Dominance comes naturally to Demaree Hampton. A star who defies position, Hampton slides past cornerbacks on one play before plowing through linebackers on the next.
When he isn’t igniting Mission High School’s explosive offense, Hampton anchors the Bears’ defense, shifting between safety and cornerback as the team’s scheme requires. In last Thursday’s win over Lowell, Hampton scored each of the Bears’ three touchdowns – first on a grinding, twisting, goal-line run, then on a catch fading into the end zone, and finally on a 42-yard fumble recovery returned for the decisive score.
If it sounds easy, that’s because for Hampton, it is.
“There’s never really been a lot of players who could match up with me,” said the 5-foot-8 senior, who started playing football in the eighth grade. “People never know what I’m going to do next.”
What the Bears need to do next is beat Washington on Thursday to clinch a spot in the San Francisco Section playoffs. If the Bears lose, their postseason destiny will hinge on the success or failure of Lowell and Burton, as all three teams are vying for the third and fourth playoff positions. In one scenario, matters could be decided by a draw.
Hampton hopes it doesn’t come down to that.
“If we do what we need to do on defense, we’ll be alright,” he said.
Mission has already surpassed last season’s win total, but with the Bears’ playoff hopes still in the balance, coach Carl Sullivan insists that now is no time for complacency. And while he calls Hampton’s playmaking ability “awesome,” he insists that his team’s success hinges on others following their leader’s example.
“They need to have the realization that they’re expected to play as well,” Sullivan said. “I tell them, ‘If you want to stand around and watch Demaree play, then you need to come sit on the sideline with me.’”

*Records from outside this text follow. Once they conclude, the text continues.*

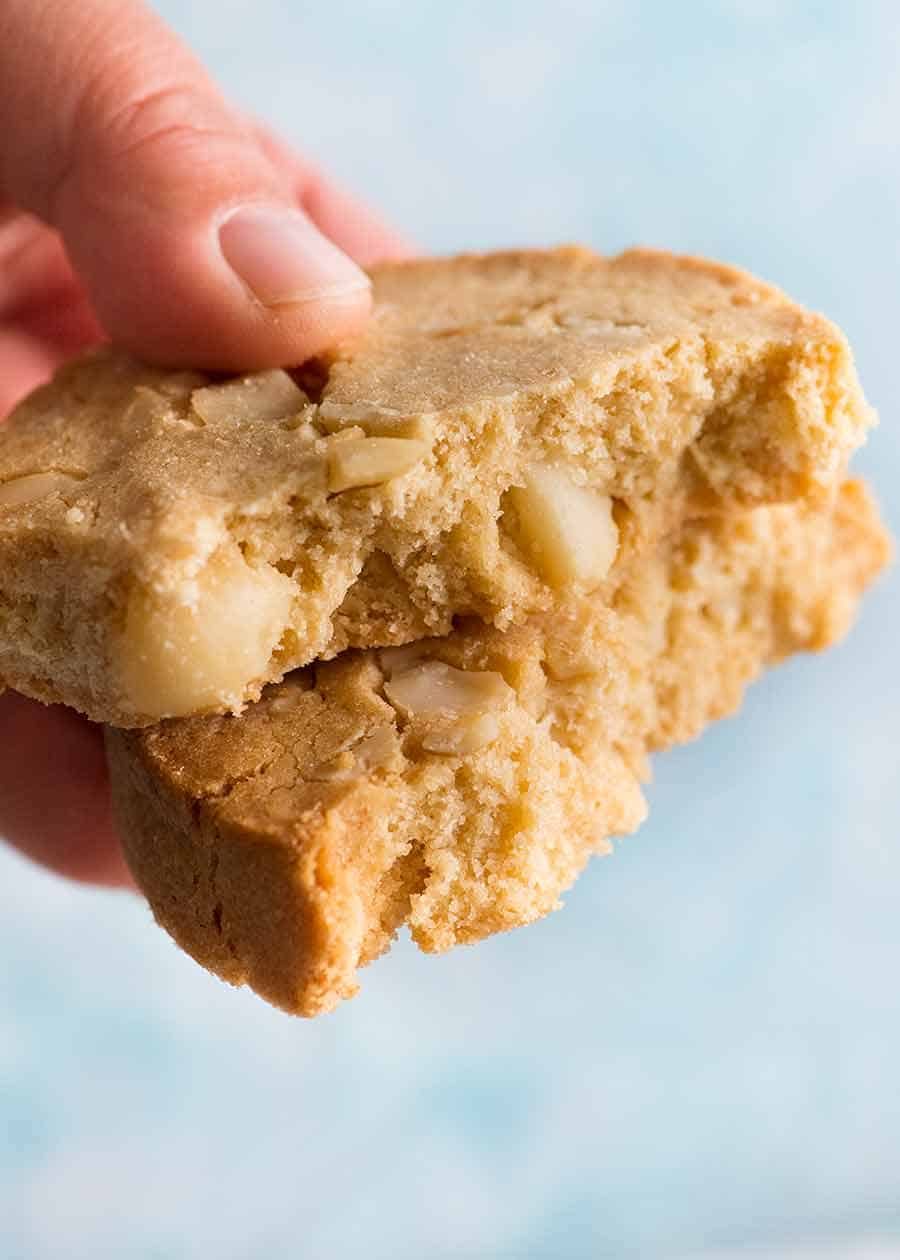 Hand holding White Chocolate Macadamia Nut Cookies broken in half to show inside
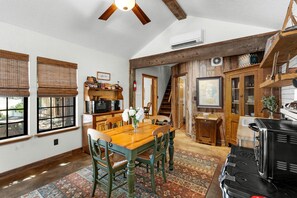 A dining area with a wooden table and chairs, a coffee bar, and a kitchen with wooden cabinets and appliances. - Chic, Renovated Barn with Hot Tub near the Heart of Fredericksburg Texas, Perfect for a Rustic Escape (Fredericksburg)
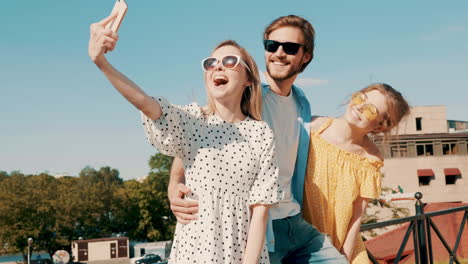 friends taking a selfie on a rooftop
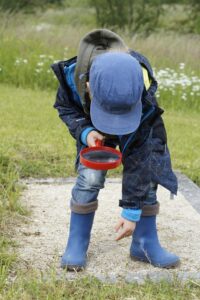 Bambino con lente di ingrandimento esplora il terreno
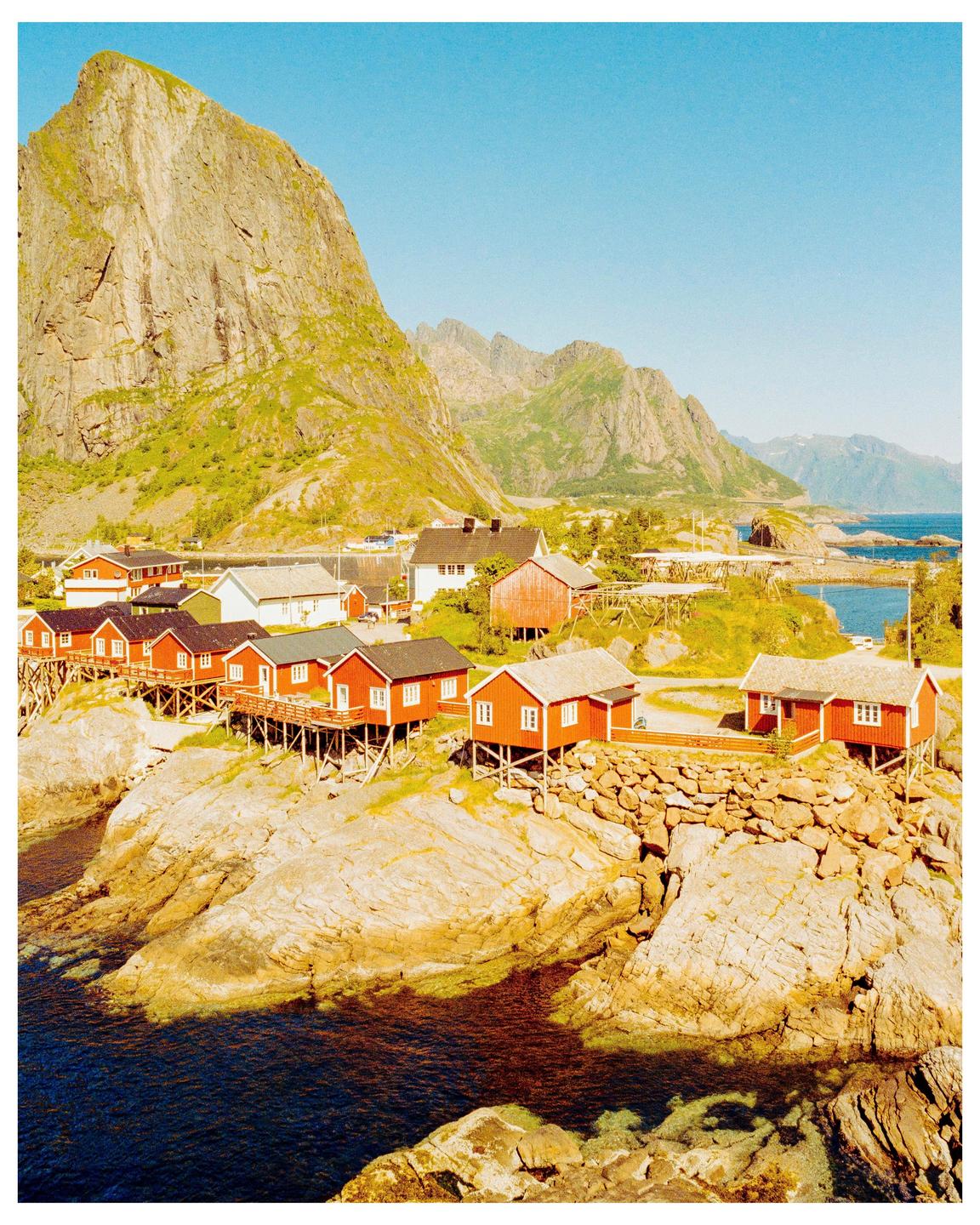 Red houses on stilts are built on a rocky coastline with a large mountain in the background.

Hampton leads the team with 35 catches for 780 yards and 11 touchdowns, as well 713 rushing yards and 10 touchdowns. In both rushing and receiving yards, Hampton’s total is more than double that of anyone else’s on his team. And while most teams dream of developing both an offensive playmaker and a defensive star, Hampton fills both roles for the Bears. He leads the team in interceptions and handles punting and kicking duties.
And when the season ends, he’ll shift from the gridiron to the hardwood, where he is the reigning section basketball player of the year after averaging 24.5 points per game last season. HoopsUSA, a national recruiting service, ranks him the 370th best basketball recruit in the country. But as Hampton considers which sport to play in college, he is keeping all options on the table.
“I’ll have to talk my mom about it,” Hampton said of his decision-making process, pointing to the woman who first put a basketball in his hands when he was a toddler.
On the football field, he has given steadiness to an often unstable program. In years past, Mission has struggled to keep its top players academically eligible to play. Even this season, the Bears have had off-the-field disciplinary problems. But Hampton’s lead-by-example approach has helped the Bears remain focused.
But in Sullivan’s mind, Hampton has yet to begin tapping his potential.
“If he spends more time developing himself athletically, then the sky is the limit, as far as football goes,” Sullivan said. “Right now, he’s an exceptionally talented kid who hasn’t put a lot of effort into making himself better.”
Sullivan said that Hampton’s first destination should be the weight room. Undersized on both the football field and the basketball court, Hampton needs to bulk up to compete with college athletes who will share his athleticism, Sullivan said
But for now, there is only one focus.
“We just need to win,” Hampton said. “Just win.”